Chapter 3 Course Companion – Part I

1.   Take a book you’ve read recently (I am choosing to use Life of Pi by Yann Martel) and answer the four questions on this page (90).

  • Out of all possible topics or ideas regarding knowledge, what have the authors selected to give you?

In this book, one big decision is left up to the reader. Up until the end, this book just seems like an entertaining story. But, then there’s the twist moment where the reader must reflect on everything that has been said throughout the story and make a key decision based on the knowledge they have acquired and the things they are willing to believe.

  • Out of those topics and ideas treated, what have they emphasized, and how?

I don’t want to give away the ending because it’s a fantastic book, but in the story they emphasize what humans are willing to believe and how far we are willing to stretch our minds to understand an event or story. This idea is emphasized through the ending where everything you had read and believed is suddenly turned upside down.

  • What kind of language have they used, and what emotions or values do you identify in the word choice? What images of photographs, drawings, or diagrams accompany the text, and how are they, too, selected and used?

The author uses relatively simple words at times so the reader can understand what is happening in the story. It also gets the reader into the mood of the book and the main character, Pi, because he is simply sitting on a boat, letting his mind wander. But, at other times, the other uses incredibly descriptive words to describe the fear Pi is feeling and what he is going through. In the book, because it is a work of literature, is not accompanied by pictures except for the cover of the novel. But, the cover is the main mental image that the book has painted for me.

  • What is the context in which the book is written – by whom, for what purpose, and within what framework of declared and implicit values?

It is written by a Canadian man who was born Spain.
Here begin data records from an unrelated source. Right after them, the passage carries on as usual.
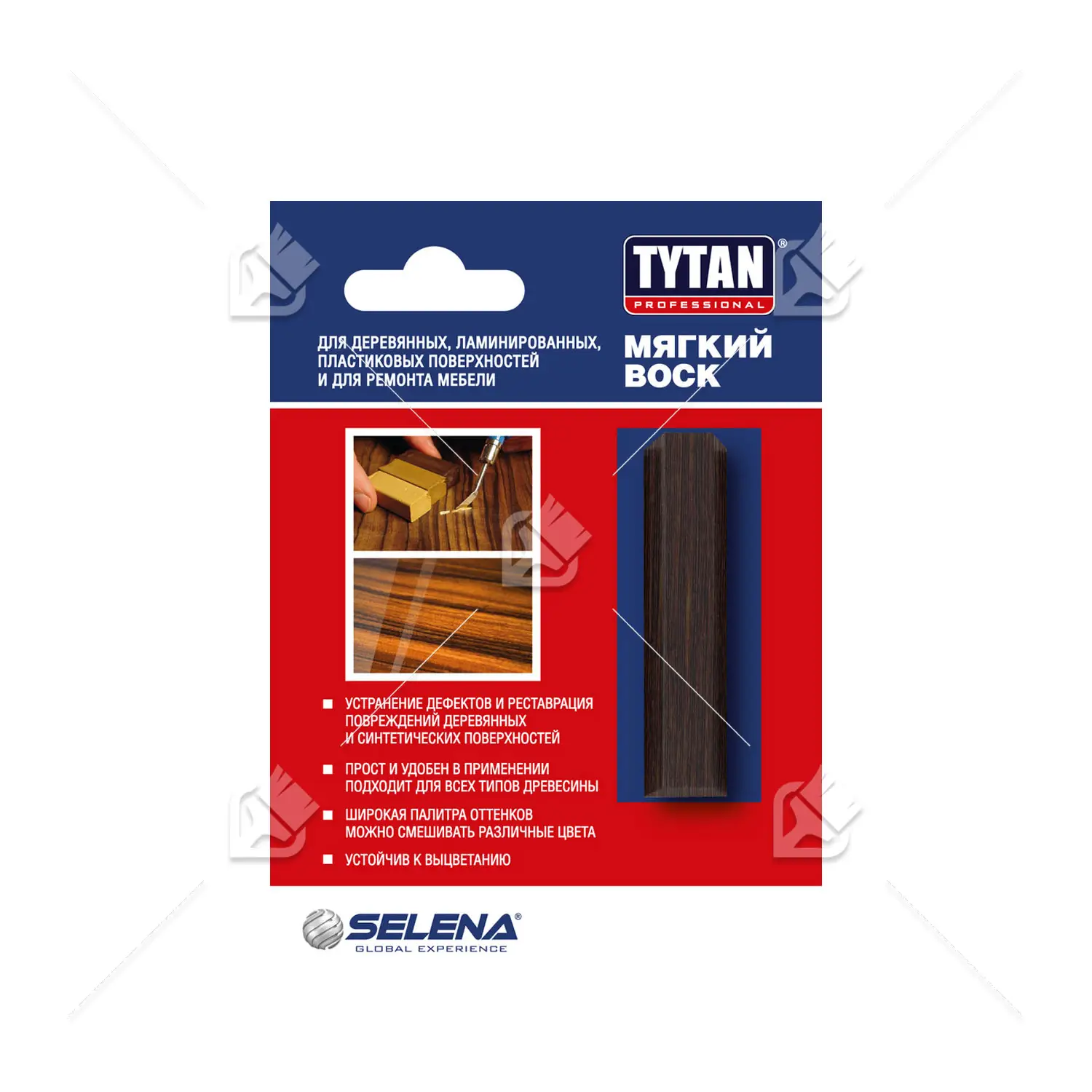 Воск мягкий Tytan Professional цвет 146 венге 7,5 г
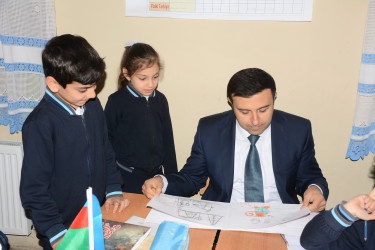 Rayon İcra Hakimiyyətinin başçısı Orxan Mürsəlov Kürdşaban kənd məktəbində müəllim və şagirdlərlə görüşüb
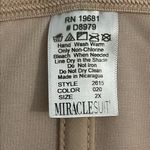 MiracleSuit Beige Inches Off Extra Firm Waist Trainer 2615 Womens Size 2X Photo 1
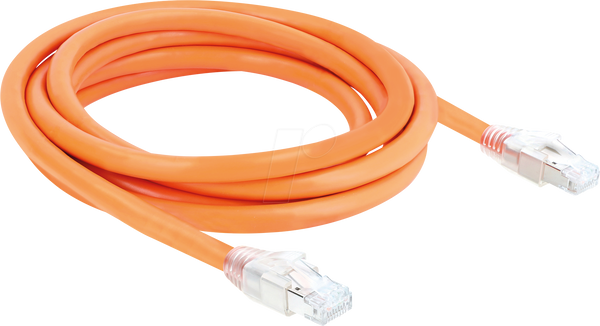 Мережевий кабель RJ45 Cat.8.1 S/FTP 2 м до 40 Гбіт/с, помаранчевий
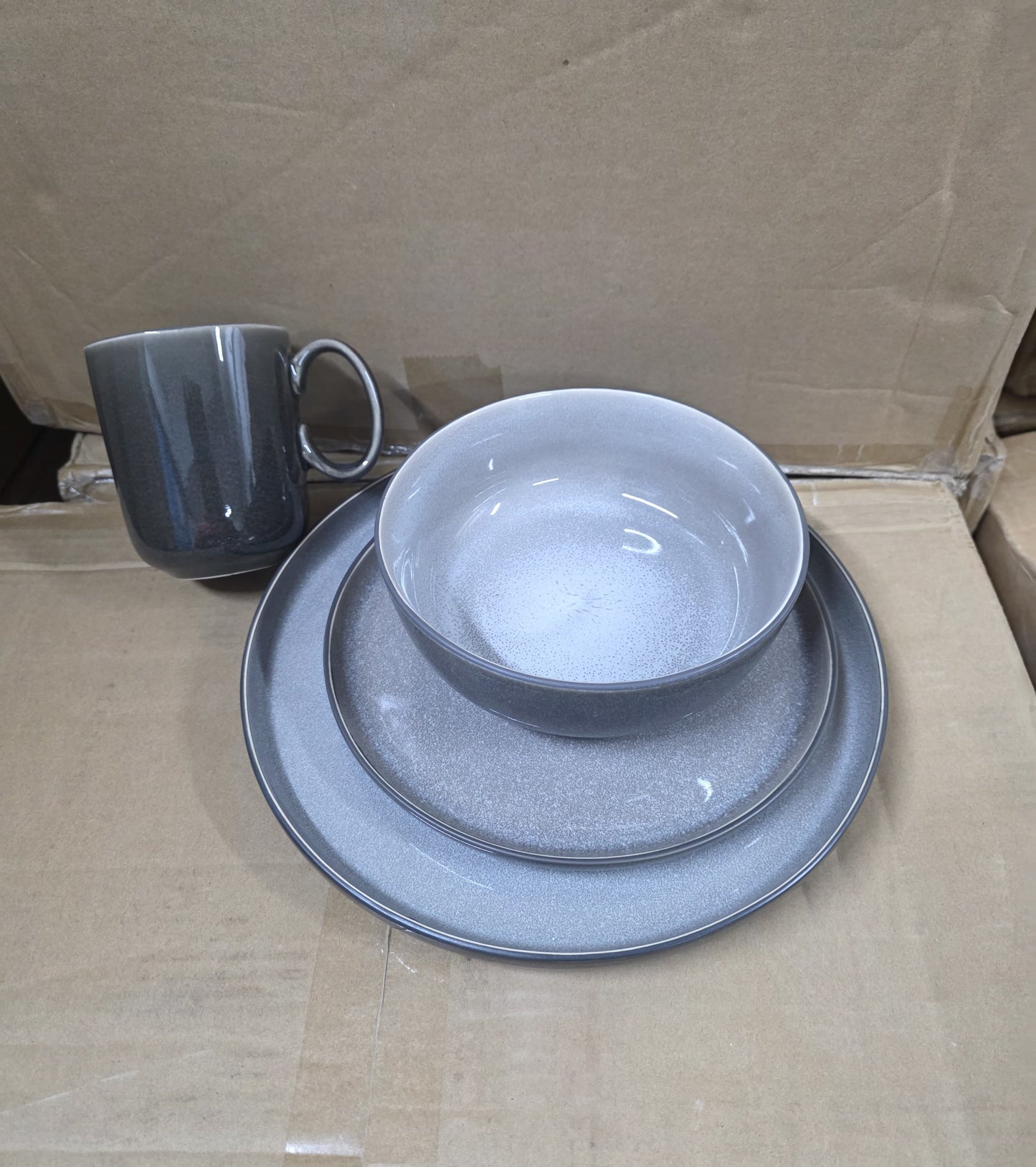 Colour Glazed stoneware Ceramic Dinner set.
He was raised in many different countries such as Costa Rica, France, Mexico, and Canada. My guess is that he wrote this book because he knows what it feels like to feel so alone and “lost at sea.” Every time Martel moved, I assume he felt like he was cast away in a sea of unfamiliar people and cultures.

2.   Read the green box from Yeshey of Bhutan. Then read about and watch Thomas Pettitt, a Danish philosopher, discuss the Gutenberg Parenthesis and his view of books. Answer the following questions.

  • What are your thoughts about the sanctity of books and how did you arrive to your decision?

I think that books have varying levels of sanctity. For example, “classics” have much more respect and power (in a way) in my opinion than books that teach nothing, are written poorly, and were not original (i.e. Twilight Series). But, books that have remained popular throughout the years are definitely better in my opinion (i.e. Shakespeare’s works, Catch-22, A Tale of Two Cities, 1984, etc.). I arrived at this decision very easily because I think many books are a waste of time and paper whereas others can teach useful life lessons or help us develop our ways of writing in a positive way.

  • Do books really “hold learning”?

I both agree and disagree with this statement. I think that books could hold knowledge if it has useful lessons. But, unfortunately, many books do not (especially today). Also, the reader must be seeking the knowledge contained in the novel they have opened. If they don’t ingest everything that is happening, many of the lessons will simply brush over them. Books’ knowledge must be sought and wanted. Only then do these books truly “hold learning”.

  • How would you rate where you get knowledge – media (various), books, teachers, family, friends, celebrities, etc.?

I think a huge part of our knowledge comes from both books and teachers (who use what they have learned from their teachers and books). This means that most of our knowledge is passed down to us by word of mouth. I also believe that a huge part of knowledge comes from history. We must look at what has happened previously in our world and examine what has worked successfully and what has not.